Can Two New Managers Follow Legends?
It's tough filling a legend's shoes, but someone has to do it... and these two have taken over for a couple of the top fund managers around.
Some of the trickiest handoffs in the fund world happen at the retirement of renowned managers who run idiosyncratic strategies that are a manifestation of their personalities.
Not only are the successors filling big shoes, but they also have to decide how much they want to change the strategy in light of investors’ expectations. After all, investors didn’t come to Third Avenue Value (TAVFX) or Columbia Value & Restructuring (UMBIX) for plain vanilla. They left the beaten path for managers and strategies that offered a better way.
As fund investors, we must be particularly alert to changes at such funds, while at the same time assessing the abilities of the managers and analysts in charge. Quirky strategies make for quirky returns, and it takes a longer time period to really judge them. Look back over their histories, and you’ll see these funds have gone in and out of favor a few times, even though the long-term returns look appealing.

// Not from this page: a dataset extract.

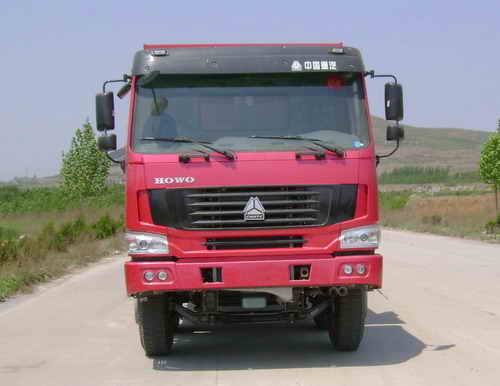 ZZ3317M3867C1自卸汽车燃油公告图片1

In June, I moderated a panel of managers running two funds that had recently made the switch. I felt our Analyst Ratings for the funds were validated by what I heard, but with the funds in transition those ratings are hardly carved in stone.
Third Avenue Value
After the panel, the first question I was asked was why we are rating Third Avenue Value Silver in light of weak recent performance. For starters, Third Avenue has built a strong stable of analysts and managers, each of whom apply Marty Whitman’s “safe and cheap” mantra a little differently.
Ian Lapey has worked at Third Avenue for more than a decade, and was named comanager in July 2009. Whitman handed him the wheel in March 2012 when he stepped down from the fund (though not from the firm).
Although he says he plans to continue using Whitman’s strategy, Lapey quickly went to work on what was the fund’s biggest vulnerability. He pared the fund’s huge weighting in Hong Kong real estate names to 39% of assets from 50%.
This makes sense, as defensiveness was one of the fund’s appealing traits. Even if Whitman and Lapey are right about the Hong Kong real estate plays, the bet is outsized and not really consistent with “safe and cheap” from a portfolio perspective.